I can't remember the first time that I heard the story of Orpheus and Eurydice, but it was sometime during my childhood, later to be repeated in High School Latin classes (of which I remember very little), but the first time that it really grabbed me was when I read Shade and Shadow by Sonya Taaffe, which is a modern retelling of the story and a brilliant one at that. It's available in her collection, Singing Innocence and Experience, and I can't recommend it highly enough.
I put together a slide show of imagery related to Orpheus and/or Eurydice which can be viewed here.
Orpheus was the son of Calliope, muse of epic poetry. While living on Parnassus, he drew the favor of the god, Apollo, who taught him to play the Lyre while his mother taught him to write verse. With such masterful teachers, Orpheus became a great musician with the striking ability to charm animals and other objects of nature, including the trees and stones. He was also an augur, foretelling the future via the patterns of birds in flight, and a patron of both Apollo and Dionysus.
Because of his skill, his presence was necessary on the journey of the Argonauts. When they passed near the Island of Sirenum Scopuli where the sirens lured sailors to their deaths with their voices, Orpheus played and sang so beautifully that he drowned out their deadly song with his own, and the sailors passed through unscathed.

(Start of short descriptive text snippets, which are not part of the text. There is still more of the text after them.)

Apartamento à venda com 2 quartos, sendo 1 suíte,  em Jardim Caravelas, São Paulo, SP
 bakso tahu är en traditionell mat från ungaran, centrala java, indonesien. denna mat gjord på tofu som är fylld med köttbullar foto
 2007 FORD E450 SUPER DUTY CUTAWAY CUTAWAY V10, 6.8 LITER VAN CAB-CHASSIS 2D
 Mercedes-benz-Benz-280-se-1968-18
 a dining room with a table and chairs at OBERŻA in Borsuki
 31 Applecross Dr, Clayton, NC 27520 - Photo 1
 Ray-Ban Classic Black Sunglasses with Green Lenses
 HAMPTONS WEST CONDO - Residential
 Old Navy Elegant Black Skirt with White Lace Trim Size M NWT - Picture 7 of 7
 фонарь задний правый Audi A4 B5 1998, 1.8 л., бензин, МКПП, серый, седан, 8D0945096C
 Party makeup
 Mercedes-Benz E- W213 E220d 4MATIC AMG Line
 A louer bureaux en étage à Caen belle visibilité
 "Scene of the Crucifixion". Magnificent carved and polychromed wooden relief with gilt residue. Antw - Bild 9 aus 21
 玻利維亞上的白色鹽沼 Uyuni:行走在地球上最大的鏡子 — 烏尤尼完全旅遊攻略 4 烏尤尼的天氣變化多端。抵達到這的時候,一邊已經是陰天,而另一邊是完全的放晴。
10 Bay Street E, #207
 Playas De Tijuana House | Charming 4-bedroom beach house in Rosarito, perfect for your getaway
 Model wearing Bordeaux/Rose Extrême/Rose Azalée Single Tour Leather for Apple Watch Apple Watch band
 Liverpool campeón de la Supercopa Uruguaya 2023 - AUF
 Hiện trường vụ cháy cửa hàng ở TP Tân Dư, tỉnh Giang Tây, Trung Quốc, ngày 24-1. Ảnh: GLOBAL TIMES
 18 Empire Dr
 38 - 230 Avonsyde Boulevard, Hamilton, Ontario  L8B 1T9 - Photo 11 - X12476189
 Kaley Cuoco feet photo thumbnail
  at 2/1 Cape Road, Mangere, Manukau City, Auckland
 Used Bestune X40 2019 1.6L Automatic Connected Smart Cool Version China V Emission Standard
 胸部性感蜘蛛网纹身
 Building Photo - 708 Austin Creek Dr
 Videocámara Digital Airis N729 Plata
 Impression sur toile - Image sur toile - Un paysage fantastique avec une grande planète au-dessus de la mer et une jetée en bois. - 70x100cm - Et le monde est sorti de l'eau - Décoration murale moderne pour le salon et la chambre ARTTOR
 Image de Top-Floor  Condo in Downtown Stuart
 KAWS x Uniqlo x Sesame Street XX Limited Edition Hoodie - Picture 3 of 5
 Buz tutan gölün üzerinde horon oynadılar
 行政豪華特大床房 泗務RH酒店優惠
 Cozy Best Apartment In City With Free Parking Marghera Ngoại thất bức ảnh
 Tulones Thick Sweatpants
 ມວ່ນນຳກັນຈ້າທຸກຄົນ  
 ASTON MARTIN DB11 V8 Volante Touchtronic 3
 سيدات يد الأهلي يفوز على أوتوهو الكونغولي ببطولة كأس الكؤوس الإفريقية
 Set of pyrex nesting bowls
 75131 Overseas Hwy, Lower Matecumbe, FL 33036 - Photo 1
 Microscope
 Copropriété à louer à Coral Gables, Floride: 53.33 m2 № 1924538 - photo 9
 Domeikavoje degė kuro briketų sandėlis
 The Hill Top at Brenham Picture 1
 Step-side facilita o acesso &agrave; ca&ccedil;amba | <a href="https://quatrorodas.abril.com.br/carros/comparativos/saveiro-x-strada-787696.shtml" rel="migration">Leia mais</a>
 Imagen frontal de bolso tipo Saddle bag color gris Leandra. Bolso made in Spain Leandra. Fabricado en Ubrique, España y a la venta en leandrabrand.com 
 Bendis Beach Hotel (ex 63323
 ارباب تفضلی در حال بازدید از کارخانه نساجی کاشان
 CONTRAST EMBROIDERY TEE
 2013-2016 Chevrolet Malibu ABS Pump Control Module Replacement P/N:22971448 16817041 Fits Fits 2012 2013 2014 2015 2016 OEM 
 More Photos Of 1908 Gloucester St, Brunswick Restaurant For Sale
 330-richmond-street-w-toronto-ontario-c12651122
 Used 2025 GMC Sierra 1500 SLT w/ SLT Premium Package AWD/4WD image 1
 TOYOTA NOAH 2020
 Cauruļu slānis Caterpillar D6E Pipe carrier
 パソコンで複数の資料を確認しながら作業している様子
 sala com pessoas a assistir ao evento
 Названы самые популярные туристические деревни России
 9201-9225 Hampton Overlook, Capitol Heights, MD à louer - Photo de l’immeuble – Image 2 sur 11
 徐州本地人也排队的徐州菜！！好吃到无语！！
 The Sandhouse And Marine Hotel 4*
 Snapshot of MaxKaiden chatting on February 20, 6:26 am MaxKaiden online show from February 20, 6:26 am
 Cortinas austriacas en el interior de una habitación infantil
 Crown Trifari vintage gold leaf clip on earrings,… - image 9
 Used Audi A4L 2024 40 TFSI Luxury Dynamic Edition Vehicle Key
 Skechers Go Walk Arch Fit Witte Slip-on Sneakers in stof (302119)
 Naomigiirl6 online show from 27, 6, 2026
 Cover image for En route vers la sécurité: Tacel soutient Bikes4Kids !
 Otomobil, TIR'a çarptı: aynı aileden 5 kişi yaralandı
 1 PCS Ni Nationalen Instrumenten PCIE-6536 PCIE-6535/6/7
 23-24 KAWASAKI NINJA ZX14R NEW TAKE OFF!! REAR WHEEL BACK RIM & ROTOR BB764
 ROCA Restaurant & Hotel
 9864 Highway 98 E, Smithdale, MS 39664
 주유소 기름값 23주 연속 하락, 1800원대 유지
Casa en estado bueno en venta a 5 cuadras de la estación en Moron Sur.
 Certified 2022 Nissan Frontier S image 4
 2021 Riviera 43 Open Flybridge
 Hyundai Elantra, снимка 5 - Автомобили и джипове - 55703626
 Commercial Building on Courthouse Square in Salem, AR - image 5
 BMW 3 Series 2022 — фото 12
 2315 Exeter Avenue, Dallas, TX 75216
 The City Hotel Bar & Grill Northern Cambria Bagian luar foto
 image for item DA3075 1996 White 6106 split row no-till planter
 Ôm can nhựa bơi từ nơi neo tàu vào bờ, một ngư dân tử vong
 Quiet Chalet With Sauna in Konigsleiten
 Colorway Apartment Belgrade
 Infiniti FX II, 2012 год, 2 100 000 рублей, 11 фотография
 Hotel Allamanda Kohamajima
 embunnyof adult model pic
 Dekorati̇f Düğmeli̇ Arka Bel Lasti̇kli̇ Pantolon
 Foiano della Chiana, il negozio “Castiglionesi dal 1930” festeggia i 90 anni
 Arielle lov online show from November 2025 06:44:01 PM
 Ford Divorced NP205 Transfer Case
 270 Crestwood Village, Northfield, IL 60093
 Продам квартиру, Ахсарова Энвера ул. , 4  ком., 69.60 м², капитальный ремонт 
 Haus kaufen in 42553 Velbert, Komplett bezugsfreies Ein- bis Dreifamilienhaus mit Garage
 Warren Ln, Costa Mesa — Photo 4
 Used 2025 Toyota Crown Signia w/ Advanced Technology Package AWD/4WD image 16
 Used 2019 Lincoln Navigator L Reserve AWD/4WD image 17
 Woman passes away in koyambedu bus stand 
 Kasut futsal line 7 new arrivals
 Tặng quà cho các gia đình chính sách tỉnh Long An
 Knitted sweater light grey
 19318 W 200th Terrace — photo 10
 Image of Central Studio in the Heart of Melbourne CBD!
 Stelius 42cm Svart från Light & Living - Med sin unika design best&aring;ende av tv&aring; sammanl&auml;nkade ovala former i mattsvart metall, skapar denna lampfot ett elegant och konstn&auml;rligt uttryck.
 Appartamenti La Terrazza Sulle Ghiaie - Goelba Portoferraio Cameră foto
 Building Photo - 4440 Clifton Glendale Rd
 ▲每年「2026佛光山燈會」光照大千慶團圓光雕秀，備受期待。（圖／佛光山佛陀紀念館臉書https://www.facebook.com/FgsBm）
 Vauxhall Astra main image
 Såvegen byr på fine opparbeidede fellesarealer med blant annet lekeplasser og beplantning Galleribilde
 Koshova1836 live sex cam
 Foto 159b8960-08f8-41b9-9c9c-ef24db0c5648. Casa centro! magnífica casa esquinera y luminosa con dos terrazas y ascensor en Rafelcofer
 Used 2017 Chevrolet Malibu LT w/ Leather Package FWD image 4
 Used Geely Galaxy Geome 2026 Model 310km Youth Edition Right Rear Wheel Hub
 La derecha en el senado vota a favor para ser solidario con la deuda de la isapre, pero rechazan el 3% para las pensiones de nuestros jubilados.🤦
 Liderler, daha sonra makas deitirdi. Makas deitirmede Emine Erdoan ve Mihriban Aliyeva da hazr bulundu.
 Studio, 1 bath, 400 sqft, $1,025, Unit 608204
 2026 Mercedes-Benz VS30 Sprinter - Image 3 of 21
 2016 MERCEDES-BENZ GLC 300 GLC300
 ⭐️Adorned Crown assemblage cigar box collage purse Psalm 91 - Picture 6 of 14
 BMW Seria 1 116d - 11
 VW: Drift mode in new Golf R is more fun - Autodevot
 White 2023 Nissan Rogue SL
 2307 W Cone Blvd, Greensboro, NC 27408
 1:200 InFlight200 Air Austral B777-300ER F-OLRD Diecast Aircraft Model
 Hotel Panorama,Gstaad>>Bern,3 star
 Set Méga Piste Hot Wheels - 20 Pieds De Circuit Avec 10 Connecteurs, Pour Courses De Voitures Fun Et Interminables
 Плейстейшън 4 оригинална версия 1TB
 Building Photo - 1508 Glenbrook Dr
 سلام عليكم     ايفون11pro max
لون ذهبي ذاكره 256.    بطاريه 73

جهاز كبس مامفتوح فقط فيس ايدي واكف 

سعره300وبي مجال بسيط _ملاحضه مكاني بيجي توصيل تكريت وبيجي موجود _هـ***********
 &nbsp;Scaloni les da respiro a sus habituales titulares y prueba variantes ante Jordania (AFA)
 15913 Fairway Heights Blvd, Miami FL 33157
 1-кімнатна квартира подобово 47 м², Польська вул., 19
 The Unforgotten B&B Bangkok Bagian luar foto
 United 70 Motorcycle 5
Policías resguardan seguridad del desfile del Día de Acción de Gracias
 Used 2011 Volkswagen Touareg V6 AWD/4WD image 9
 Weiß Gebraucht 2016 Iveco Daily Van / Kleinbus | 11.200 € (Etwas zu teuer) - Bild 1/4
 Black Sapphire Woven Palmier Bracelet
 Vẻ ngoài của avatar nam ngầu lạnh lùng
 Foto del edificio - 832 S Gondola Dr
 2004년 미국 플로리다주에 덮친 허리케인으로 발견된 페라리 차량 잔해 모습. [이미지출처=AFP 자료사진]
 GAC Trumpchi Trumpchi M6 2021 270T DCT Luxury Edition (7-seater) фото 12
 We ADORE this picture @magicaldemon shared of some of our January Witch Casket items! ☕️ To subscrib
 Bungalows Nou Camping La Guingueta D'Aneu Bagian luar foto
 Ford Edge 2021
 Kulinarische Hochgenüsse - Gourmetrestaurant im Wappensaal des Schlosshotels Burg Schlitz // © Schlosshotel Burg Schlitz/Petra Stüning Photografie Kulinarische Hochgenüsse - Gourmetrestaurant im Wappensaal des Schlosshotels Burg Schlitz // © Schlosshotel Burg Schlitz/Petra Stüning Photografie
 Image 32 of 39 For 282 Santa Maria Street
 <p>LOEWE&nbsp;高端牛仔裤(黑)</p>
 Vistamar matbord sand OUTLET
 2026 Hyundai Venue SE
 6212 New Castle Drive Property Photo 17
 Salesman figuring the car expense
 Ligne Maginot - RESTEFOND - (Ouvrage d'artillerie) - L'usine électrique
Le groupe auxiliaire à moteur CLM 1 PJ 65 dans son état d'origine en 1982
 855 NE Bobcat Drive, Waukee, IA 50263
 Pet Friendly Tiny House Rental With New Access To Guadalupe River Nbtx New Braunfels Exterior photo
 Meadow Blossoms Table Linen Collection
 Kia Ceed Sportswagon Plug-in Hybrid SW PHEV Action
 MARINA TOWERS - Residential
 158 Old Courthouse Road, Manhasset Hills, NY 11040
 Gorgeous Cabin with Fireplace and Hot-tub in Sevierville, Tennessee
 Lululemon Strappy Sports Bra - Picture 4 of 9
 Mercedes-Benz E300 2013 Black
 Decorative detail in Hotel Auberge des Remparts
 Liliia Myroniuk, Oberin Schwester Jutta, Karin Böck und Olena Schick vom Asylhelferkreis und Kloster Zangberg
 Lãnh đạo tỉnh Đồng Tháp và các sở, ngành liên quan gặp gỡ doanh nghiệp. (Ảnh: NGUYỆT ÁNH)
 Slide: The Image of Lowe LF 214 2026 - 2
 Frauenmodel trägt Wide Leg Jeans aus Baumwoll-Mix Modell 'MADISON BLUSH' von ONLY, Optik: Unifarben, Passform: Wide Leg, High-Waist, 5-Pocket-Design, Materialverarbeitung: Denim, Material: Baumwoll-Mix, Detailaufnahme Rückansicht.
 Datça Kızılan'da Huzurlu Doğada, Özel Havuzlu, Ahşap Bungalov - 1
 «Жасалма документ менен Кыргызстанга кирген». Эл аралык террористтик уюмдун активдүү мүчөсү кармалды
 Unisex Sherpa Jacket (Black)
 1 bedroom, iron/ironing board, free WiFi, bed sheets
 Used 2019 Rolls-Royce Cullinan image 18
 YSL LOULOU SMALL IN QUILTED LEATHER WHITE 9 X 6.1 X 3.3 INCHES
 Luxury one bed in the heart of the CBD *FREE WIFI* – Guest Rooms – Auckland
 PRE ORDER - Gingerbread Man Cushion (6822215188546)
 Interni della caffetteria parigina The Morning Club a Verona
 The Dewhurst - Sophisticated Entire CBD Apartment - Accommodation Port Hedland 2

Orpheus loved Eurydice with the passion of all great lovers, but like many love stories of antiquity, their romance was doomed to an early end.
One day, Eurydice was wandering with her companions, the nymphs, and a shepherd called Aristaeus made advances towards her. She fled and ran into a nest of poisonous snakes whose bite killed her instantly and carried her to the city of ghosts. Orpheus was overtaken with grief and sang songs of such sadness that all of the nymphs and the gods were driven to tears. They urged Orpheus to travel to the Underworld to appeal to Hades, and with the power of his music, Orpheus was able to soften the heart of the god of the underworld. Hades and Persephone agreed to return Eurydice to the surface under the condition that Orpheus not look back until they reached the open air.
In his anxiety, Orpheus did look back and Eurydice vanished, leaving Orpheus alone in eternal melancholy. He forsook all gods but Apollo, shunned the love of all women, and turned to the love of young boys. This angered the Thracian Maenads of Dionysus, and one morning, while he was singing and playing his lyre in a forest clearing, they attempted to murder him by casting javelins and stones. His music was so captivating that the wood and the stones would not obey, and they fell from the air before piercing Orpheus' flesh. This sent the Maenads into a wild frenzy, and they tore him to pieces, casting the ruins of his body and his Lyre into the Hebrus river where his song continued to play until his remains reached the shore of Lesbos.
There, the inhabitants buried his head and built a shrine in his honor. The remaining pieces of his body were gathered by the muses and buried at Libethra where the nightengales sing. His lyre was placed by the gods among the stars, and he was able to spend the rest of eternity with Eurydice in the city of ghosts.